_Requirement_
From the listing below, restate word for word the lines from the line containing "91家纺网 家纺一手货源 找家纺" down through the line containing "疲倦的年轻女人做完家务活 — 图库照片". Exclude pictures.

_The data_
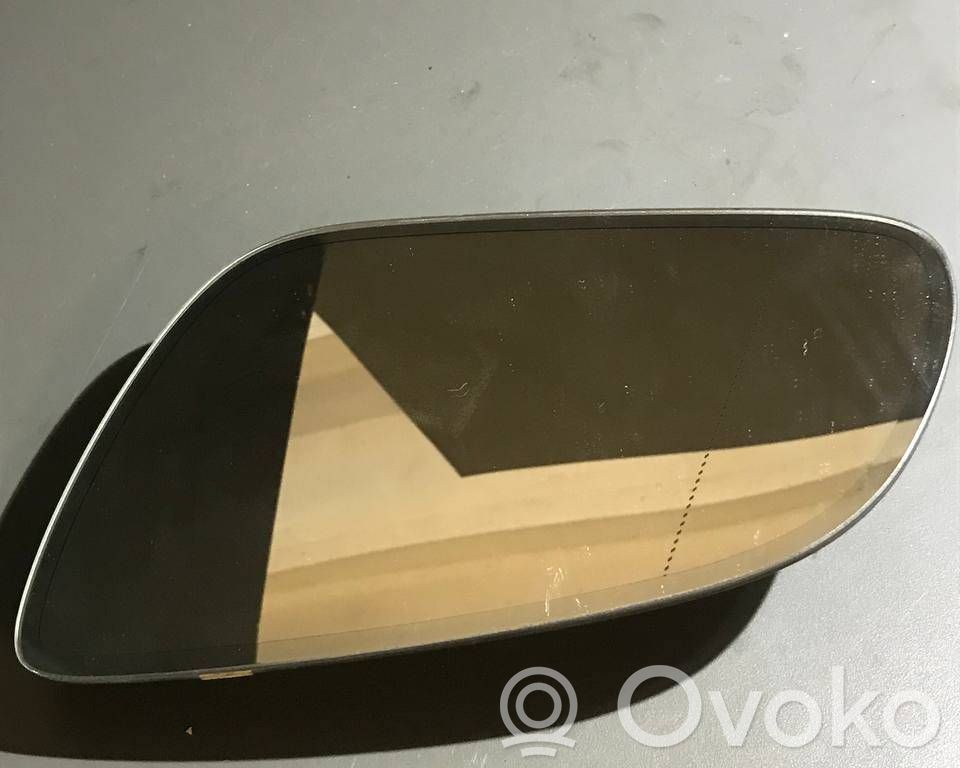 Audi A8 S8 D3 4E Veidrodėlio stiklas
* * *
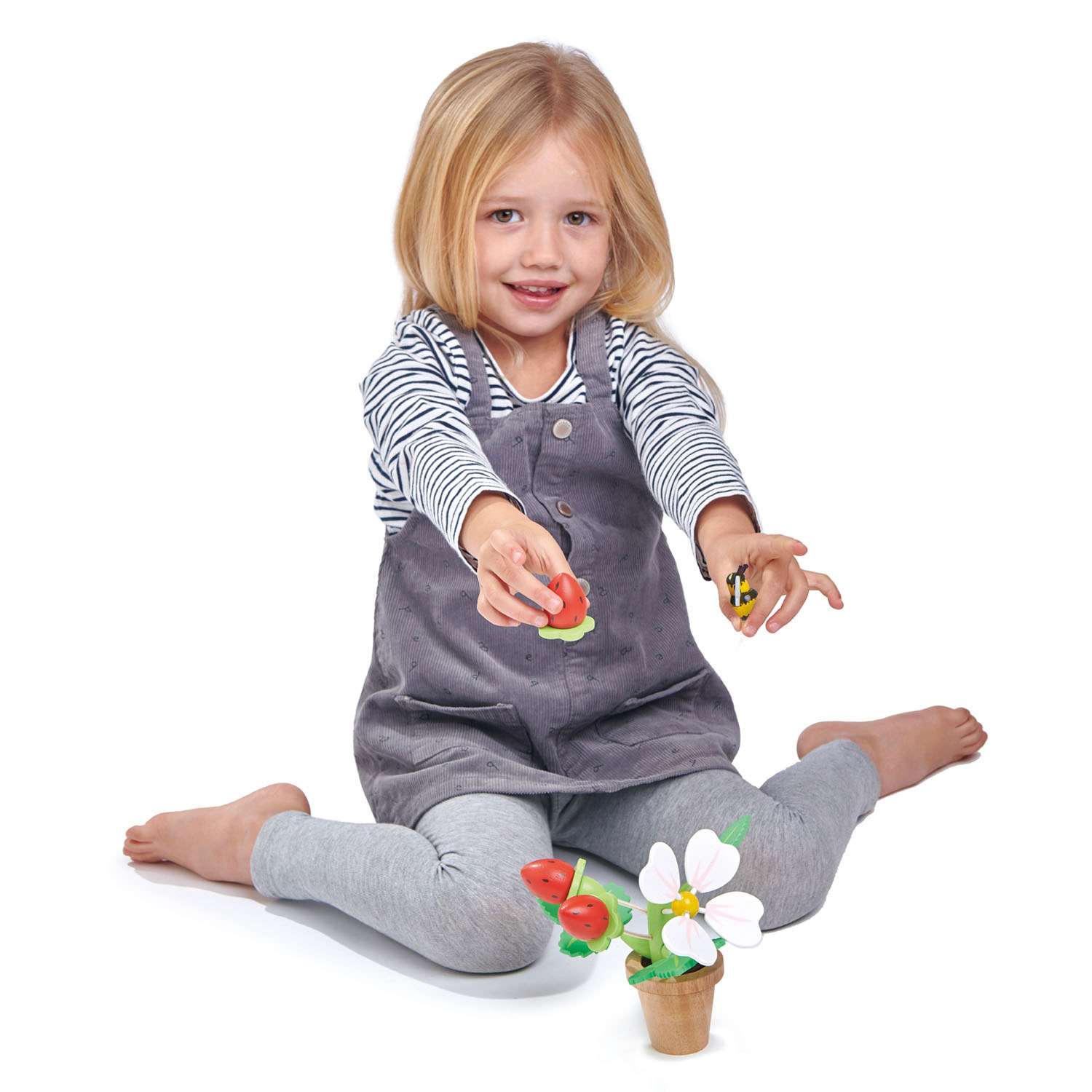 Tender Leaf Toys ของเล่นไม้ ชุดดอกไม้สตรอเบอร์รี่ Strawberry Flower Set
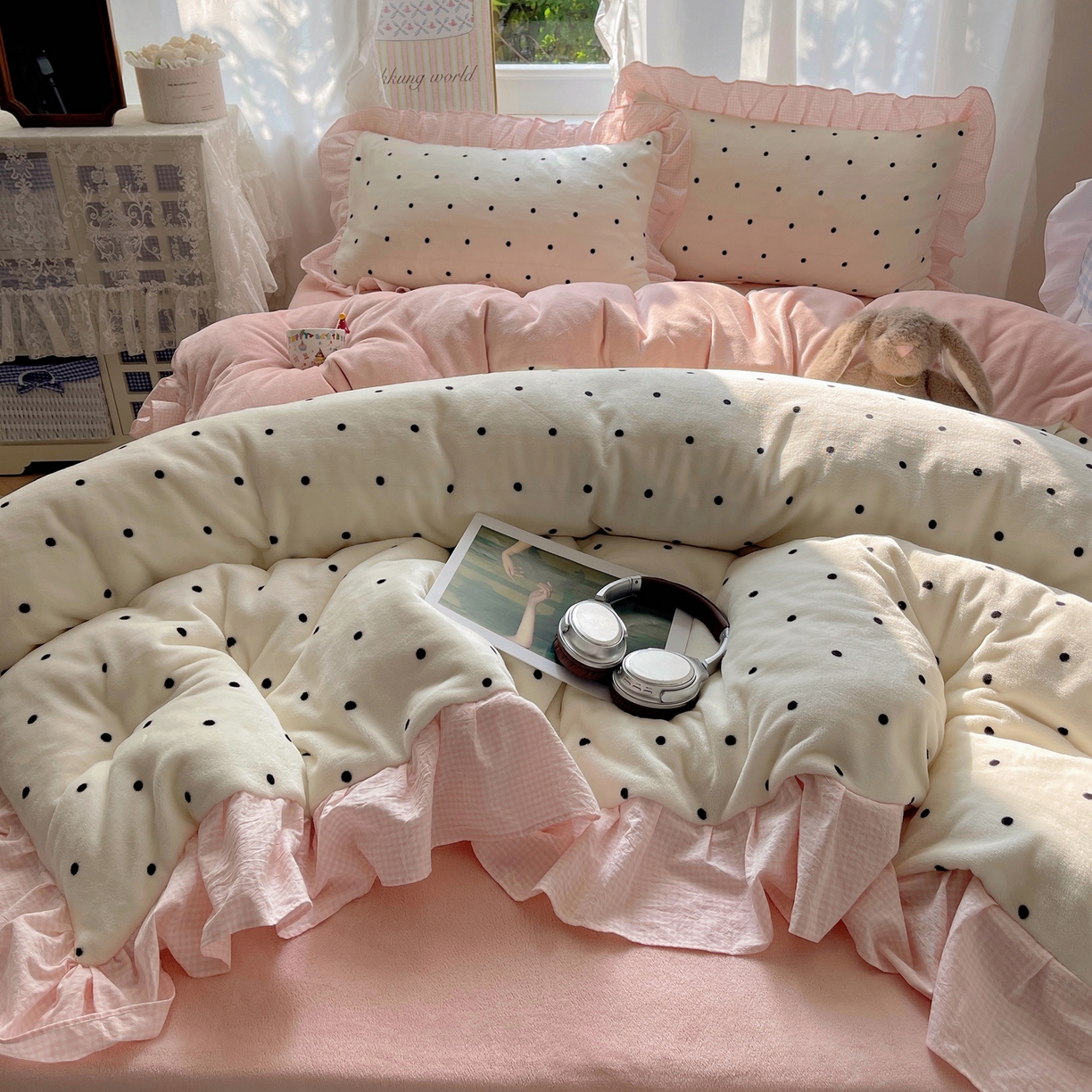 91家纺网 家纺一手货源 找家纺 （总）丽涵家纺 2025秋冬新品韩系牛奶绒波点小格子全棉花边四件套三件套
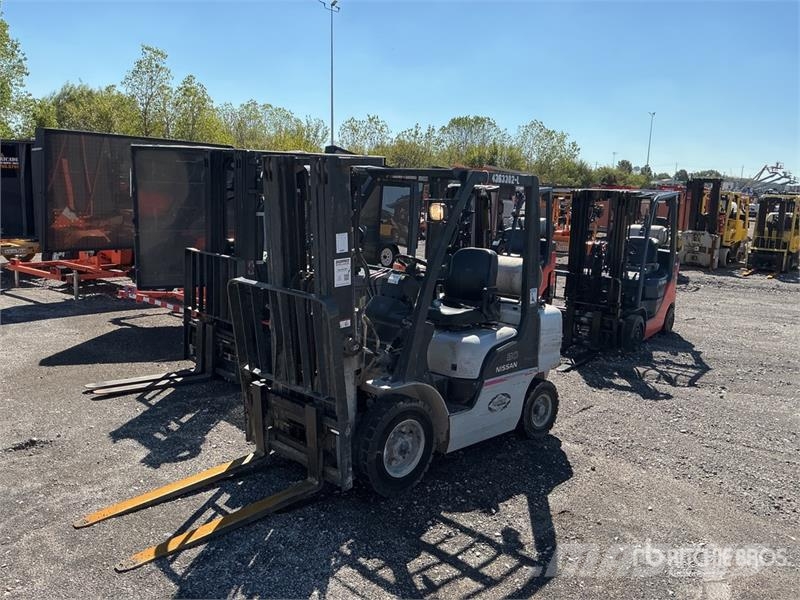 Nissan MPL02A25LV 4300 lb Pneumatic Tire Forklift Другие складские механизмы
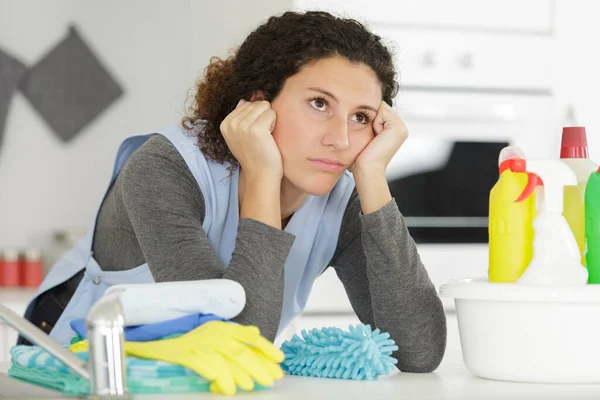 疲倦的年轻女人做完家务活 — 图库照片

_Finished exercise_
 91家纺网 家纺一手货源 找家纺 （总）丽涵家纺 2025秋冬新品韩系牛奶绒波点小格子全棉花边四件套三件套
 Nissan MPL02A25LV 4300 lb Pneumatic Tire Forklift Другие складские механизмы
 疲倦的年轻女人做完家务活 — 图库照片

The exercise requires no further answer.